# [What needs to be done]
Starting at the top of the listing, extract every line up to and including the one with "Tap on the three". Pictures stay out of the copy.

# [Provided material]
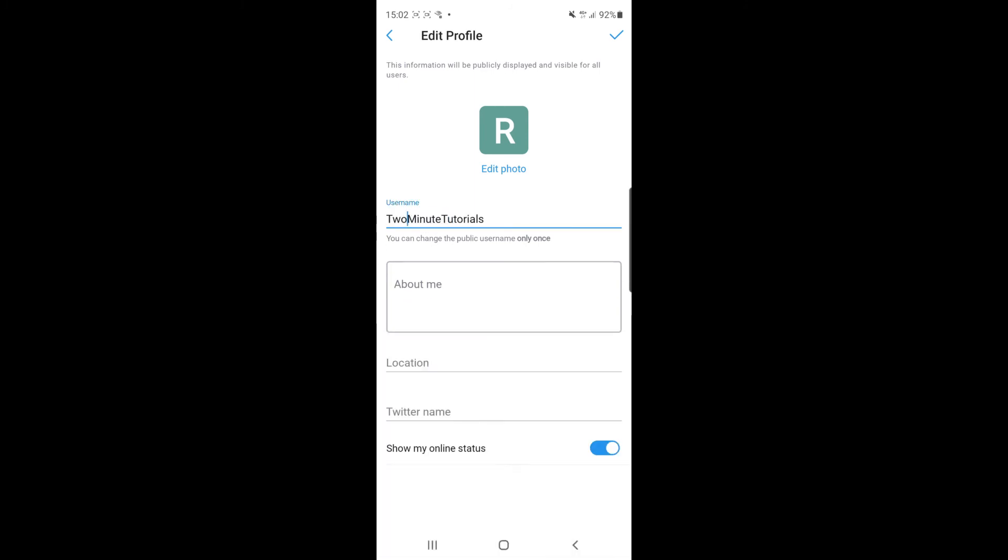So once I've done that all I need to go ahead and do is click on the tick in the top right corner of the screen and then once you do that that will be your username changed on TradingView.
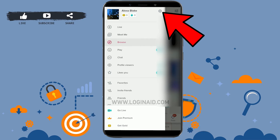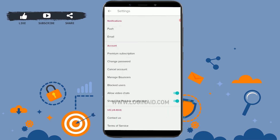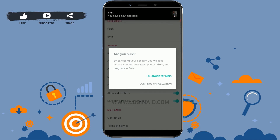Tap on the three horizontal lines. There you will need to tap on the settings icon just beside your name. Tap on that and you will see the option of Account.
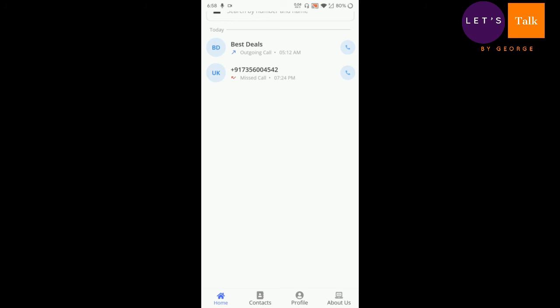Once again, thank you for watching Let's Talk by George. Please stay tuned to this channel for more videos and reviews updates. Thank you very much.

# [Exercise output]
So once I've done that all I need to go ahead and do is click on the tick in the top right corner of the screen and then once you do that that will be your username changed on TradingView.
Tap on the three horizontal lines. There you will need to tap on the settings icon just beside your name. Tap on that and you will see the option of Account.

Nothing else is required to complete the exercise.